══ RECORDS ══

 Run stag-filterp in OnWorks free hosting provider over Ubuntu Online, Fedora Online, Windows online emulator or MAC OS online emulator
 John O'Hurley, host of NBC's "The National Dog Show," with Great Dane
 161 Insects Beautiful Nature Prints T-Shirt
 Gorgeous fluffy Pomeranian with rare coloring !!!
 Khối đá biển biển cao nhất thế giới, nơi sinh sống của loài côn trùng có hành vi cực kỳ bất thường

═══
══ RECORDS ══

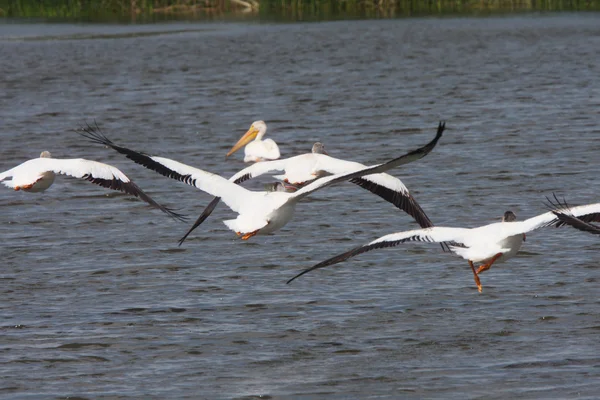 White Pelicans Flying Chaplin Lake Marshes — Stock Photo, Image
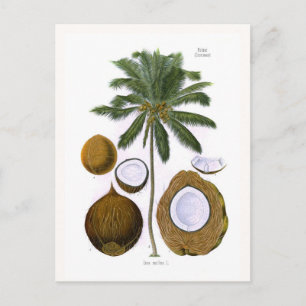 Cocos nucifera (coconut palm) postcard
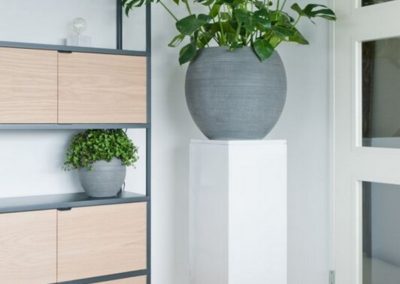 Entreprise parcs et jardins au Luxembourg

═══

--- WHAT IS EXPECTED ---
In the records above, the line with "Run stag-filterp in" marks the start and the line with "Khối đá biển" marks the end; copy that stretch exactly, both lines included, and nothing else.

--- WRITTEN RESPONSE ---
 Run stag-filterp in OnWorks free hosting provider over Ubuntu Online, Fedora Online, Windows online emulator or MAC OS online emulator
 John O'Hurley, host of NBC's "The National Dog Show," with Great Dane
 161 Insects Beautiful Nature Prints T-Shirt
 Gorgeous fluffy Pomeranian with rare coloring !!!
 Khối đá biển biển cao nhất thế giới, nơi sinh sống của loài côn trùng có hành vi cực kỳ bất thường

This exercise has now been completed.